Shear-induced clustering of Brownian suspensions in associative polymers at moderate Peclet number

The tendency for Brownian particles to cluster under shear flow is widely observed in polymer-colloid mixtures. However, the mechanics driving clustering are not well understood due to the complex coupling of non-Newtonian polymer rheology with colloidal hydrodynamics and Brownian motion. To better elucidate this coupling, we have developed a novel class of thermoresponsive polymer-colloid mixtures based on nanoemulsions suspended in associative polymer solutions. These fluids form associative polymer networks whose viscoelastic relaxation time can be varied by many orders of magnitude over a small temperature window, while keeping the Brownian relaxation time of the suspension relatively fixed.

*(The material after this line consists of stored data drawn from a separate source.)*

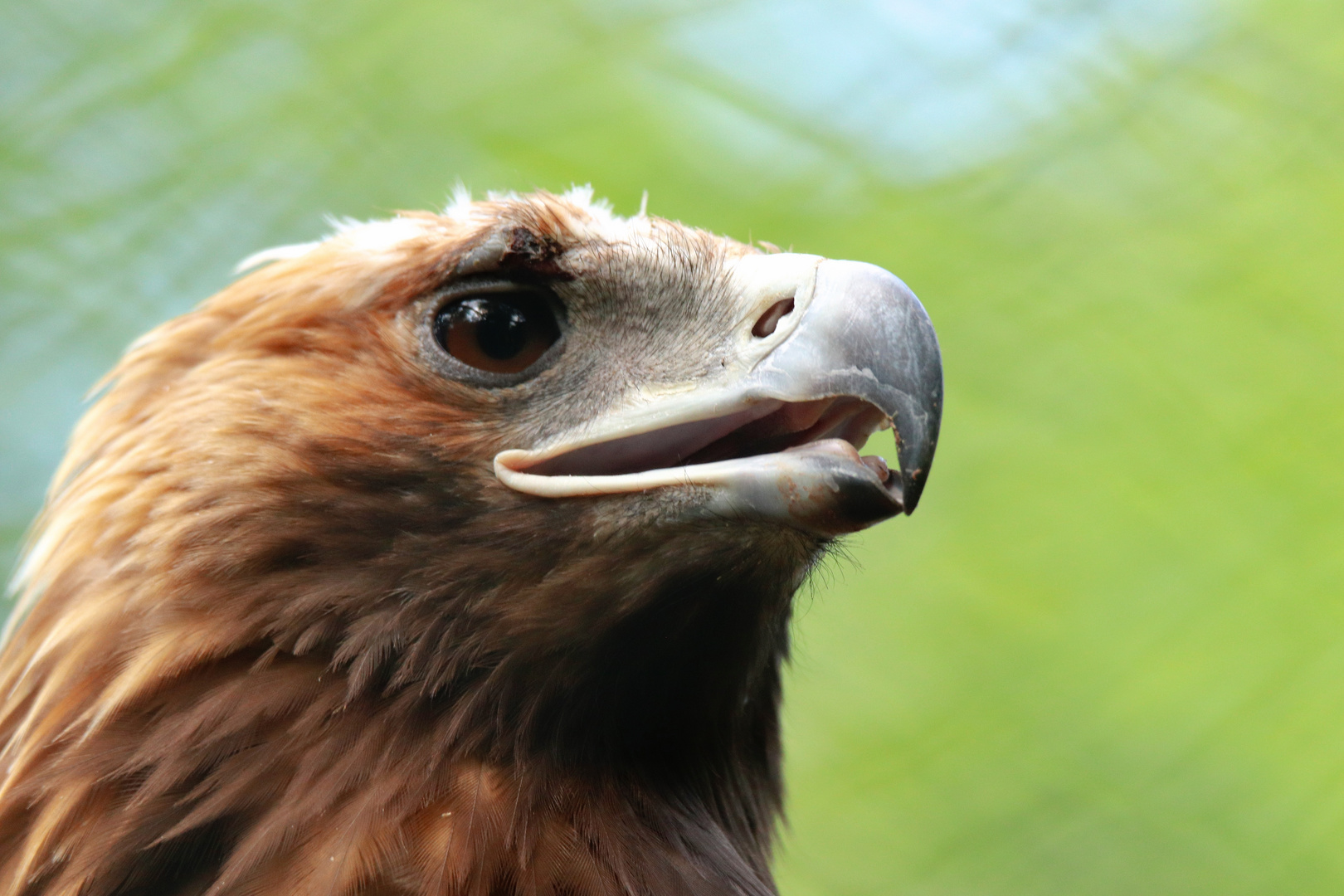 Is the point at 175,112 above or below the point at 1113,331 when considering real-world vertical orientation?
above

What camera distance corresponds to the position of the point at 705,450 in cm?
155

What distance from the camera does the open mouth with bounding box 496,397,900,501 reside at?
147 cm

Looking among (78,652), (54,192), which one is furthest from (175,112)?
(78,652)

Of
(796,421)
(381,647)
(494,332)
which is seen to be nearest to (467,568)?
(381,647)

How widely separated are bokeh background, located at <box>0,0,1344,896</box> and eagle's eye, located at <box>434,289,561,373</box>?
154 cm

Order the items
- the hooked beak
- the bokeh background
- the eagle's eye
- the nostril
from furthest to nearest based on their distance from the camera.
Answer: the bokeh background, the eagle's eye, the nostril, the hooked beak

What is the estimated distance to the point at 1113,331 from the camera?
11.2 feet

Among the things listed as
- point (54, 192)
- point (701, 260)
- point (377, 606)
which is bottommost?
point (377, 606)

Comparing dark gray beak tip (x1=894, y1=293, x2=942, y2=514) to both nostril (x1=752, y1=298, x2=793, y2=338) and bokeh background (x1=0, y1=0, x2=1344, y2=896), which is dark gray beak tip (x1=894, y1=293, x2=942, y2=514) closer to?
nostril (x1=752, y1=298, x2=793, y2=338)

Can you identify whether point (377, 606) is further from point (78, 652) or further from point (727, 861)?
point (727, 861)

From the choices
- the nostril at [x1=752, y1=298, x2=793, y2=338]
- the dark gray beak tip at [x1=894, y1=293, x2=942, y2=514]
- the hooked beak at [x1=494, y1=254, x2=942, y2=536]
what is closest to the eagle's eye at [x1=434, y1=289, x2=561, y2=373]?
the hooked beak at [x1=494, y1=254, x2=942, y2=536]

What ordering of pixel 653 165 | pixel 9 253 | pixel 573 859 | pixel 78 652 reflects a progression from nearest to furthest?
1. pixel 573 859
2. pixel 78 652
3. pixel 9 253
4. pixel 653 165

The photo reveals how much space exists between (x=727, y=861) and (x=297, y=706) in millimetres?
559

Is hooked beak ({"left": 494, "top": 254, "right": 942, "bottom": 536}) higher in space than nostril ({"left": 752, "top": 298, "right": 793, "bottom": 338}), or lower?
lower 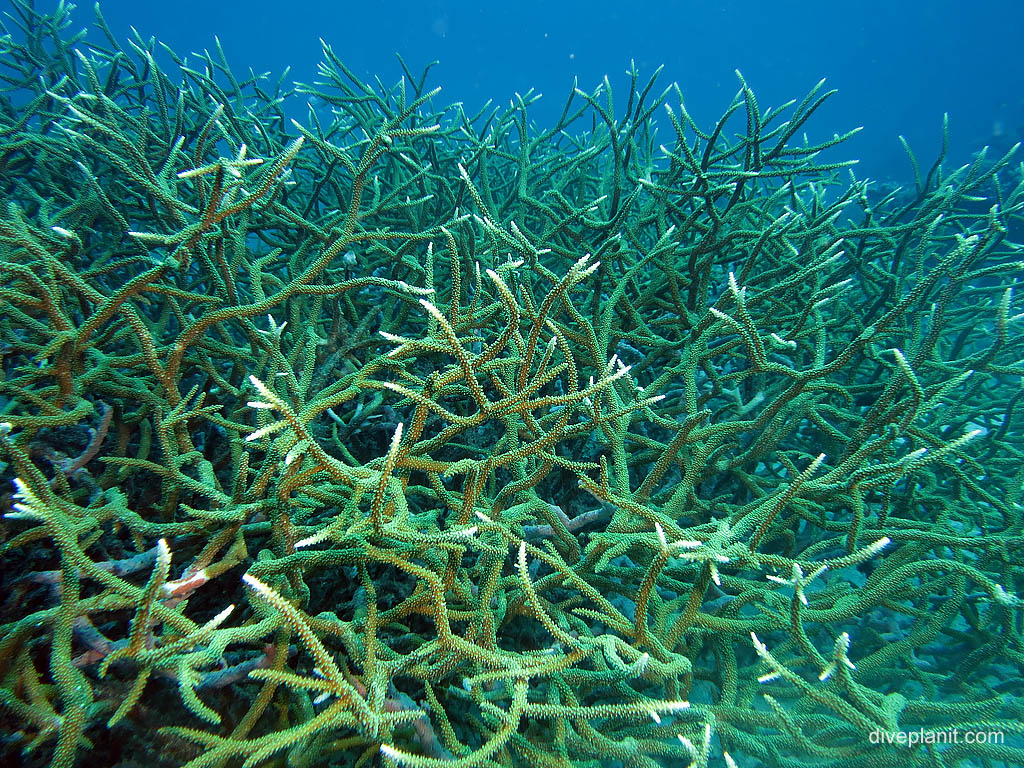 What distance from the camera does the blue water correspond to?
46.5 meters

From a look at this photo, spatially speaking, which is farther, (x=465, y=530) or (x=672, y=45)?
(x=672, y=45)

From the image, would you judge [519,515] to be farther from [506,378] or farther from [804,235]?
[804,235]

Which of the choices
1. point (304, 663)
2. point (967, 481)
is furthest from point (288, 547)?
point (967, 481)

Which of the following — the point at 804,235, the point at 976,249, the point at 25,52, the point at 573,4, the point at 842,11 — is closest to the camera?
the point at 976,249

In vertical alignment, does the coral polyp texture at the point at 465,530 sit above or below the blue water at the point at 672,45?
below

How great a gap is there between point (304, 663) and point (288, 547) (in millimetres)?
439

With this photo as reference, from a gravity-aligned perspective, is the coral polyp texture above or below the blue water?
below

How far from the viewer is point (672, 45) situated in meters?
74.5

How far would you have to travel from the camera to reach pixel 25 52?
392cm

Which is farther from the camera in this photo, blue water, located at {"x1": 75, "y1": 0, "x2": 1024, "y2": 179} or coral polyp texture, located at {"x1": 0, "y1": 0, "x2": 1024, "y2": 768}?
blue water, located at {"x1": 75, "y1": 0, "x2": 1024, "y2": 179}

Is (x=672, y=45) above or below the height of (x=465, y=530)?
above

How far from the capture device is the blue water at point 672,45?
46.5 metres

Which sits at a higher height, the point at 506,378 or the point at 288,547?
the point at 506,378

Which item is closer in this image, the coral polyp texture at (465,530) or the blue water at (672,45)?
the coral polyp texture at (465,530) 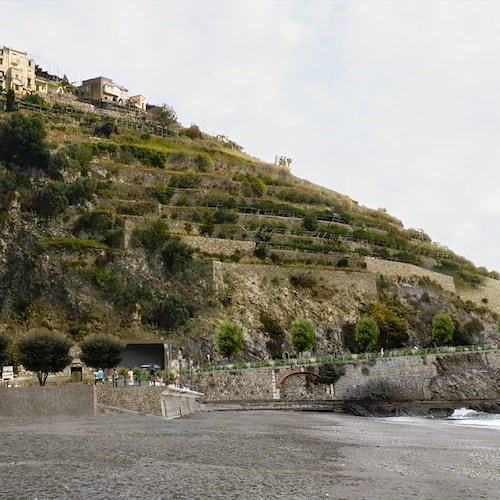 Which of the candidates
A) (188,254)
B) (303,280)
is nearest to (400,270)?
(303,280)

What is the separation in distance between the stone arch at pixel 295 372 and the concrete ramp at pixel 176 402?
45.8ft

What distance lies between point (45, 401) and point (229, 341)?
109 ft

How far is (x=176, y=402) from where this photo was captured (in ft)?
119

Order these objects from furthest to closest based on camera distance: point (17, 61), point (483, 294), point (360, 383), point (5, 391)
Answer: point (17, 61) → point (483, 294) → point (360, 383) → point (5, 391)

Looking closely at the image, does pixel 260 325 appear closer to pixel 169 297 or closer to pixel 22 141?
pixel 169 297

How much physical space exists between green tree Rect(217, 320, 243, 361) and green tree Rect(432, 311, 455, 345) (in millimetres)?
20692

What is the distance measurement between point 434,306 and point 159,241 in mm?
30261

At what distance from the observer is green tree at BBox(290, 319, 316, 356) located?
6369 centimetres

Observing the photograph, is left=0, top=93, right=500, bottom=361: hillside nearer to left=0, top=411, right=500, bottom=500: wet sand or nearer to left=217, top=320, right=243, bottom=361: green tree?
left=217, top=320, right=243, bottom=361: green tree

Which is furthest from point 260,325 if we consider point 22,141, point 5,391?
point 5,391

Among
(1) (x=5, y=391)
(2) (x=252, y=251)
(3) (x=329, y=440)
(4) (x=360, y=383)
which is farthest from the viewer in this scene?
(2) (x=252, y=251)

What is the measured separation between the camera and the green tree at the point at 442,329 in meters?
69.9

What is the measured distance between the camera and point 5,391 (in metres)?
27.7

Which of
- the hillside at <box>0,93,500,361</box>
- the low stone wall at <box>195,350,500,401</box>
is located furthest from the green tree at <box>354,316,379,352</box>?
Result: the low stone wall at <box>195,350,500,401</box> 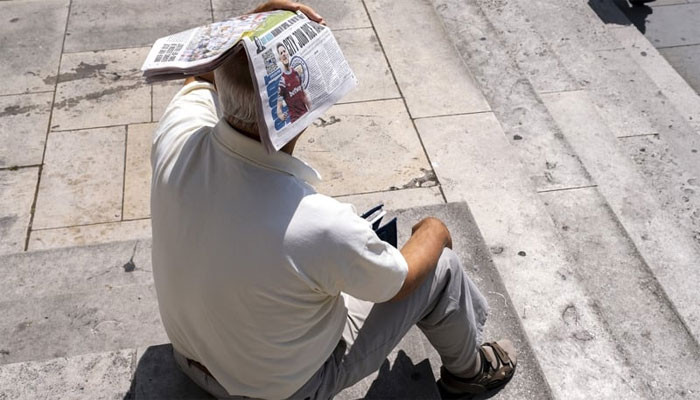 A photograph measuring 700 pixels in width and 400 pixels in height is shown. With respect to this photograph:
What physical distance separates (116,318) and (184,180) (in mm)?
1258

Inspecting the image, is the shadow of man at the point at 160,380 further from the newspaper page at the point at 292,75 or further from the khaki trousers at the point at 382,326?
the newspaper page at the point at 292,75

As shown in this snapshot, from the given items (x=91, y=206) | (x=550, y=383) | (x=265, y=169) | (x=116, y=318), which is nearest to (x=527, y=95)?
(x=550, y=383)

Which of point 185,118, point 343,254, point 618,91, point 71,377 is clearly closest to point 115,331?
point 71,377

Combining this model system with novel rheo-small angle neutron scattering (rheo-SANS) measurements allows us to identify the mechanisms of shear-induced clustering, and how they vary in different dynamical regimes of fluid behavior. In particular, the ability to probe the full 3D microstructure of the fluid identifies features of shear-induced clusters, both during their formation and at steady state, that were inaccessible in previous studies. These features reveal that hydrodynamic effects dominate the clustering process over a wide range of conditions, and provide guidelines for controlling shear-induced clustering in polymeric fluids.